Start of Block
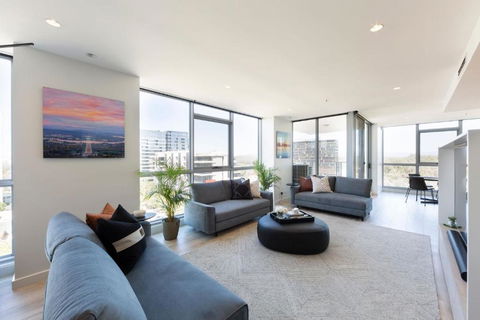 Accommodate Canberra - Metropolitan 70 - Tourism Search 0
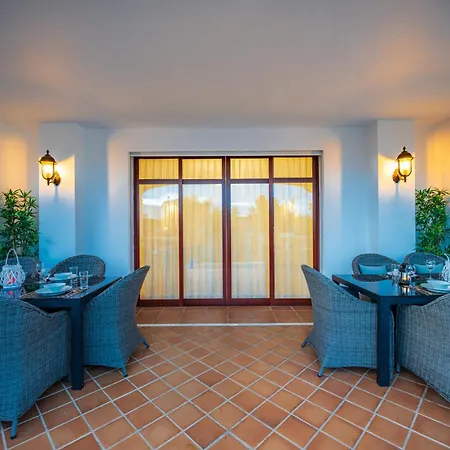 San Pedro 6 Bedroom Villa, Heated Pool, Bbq, Wifi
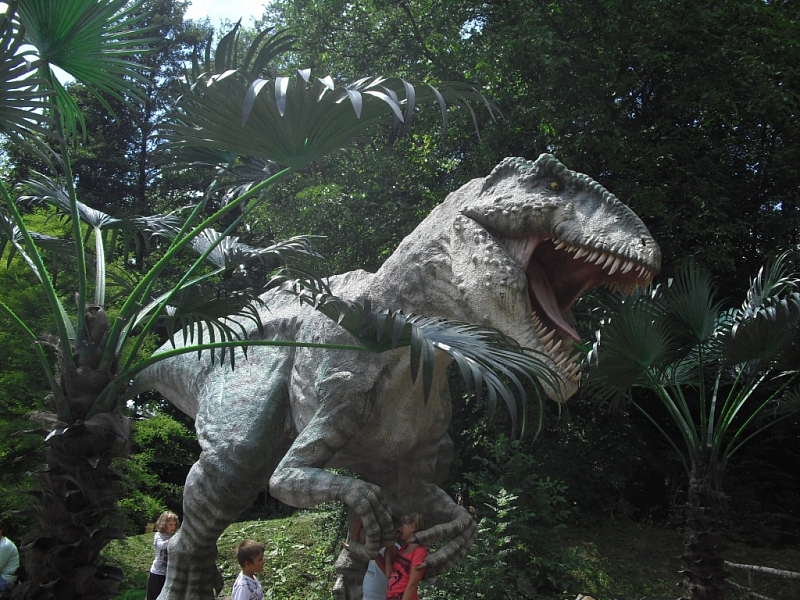 Dinopark Vyškov - v lese s dinosaury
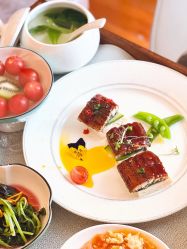 -馨月汇·一悦馨香月子中心(前滩店)
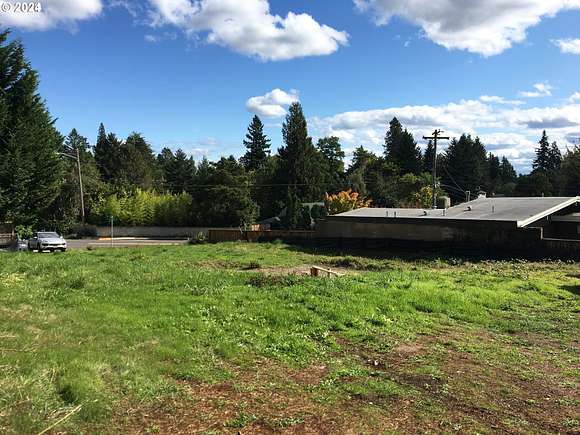 0.14 Acres of Commercial Land for Sale in Portland, Oregon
End of Block
● **Instructions for the task**
Inclusive range, exact copy: the line containing "-馨月汇·一悦馨香月子中心(前滩店)" through the last line of the listing. Print nothing else, and no pictures.

● **Response to this task**
 -馨月汇·一悦馨香月子中心(前滩店)
 0.14 Acres of Commercial Land for Sale in Portland, Oregon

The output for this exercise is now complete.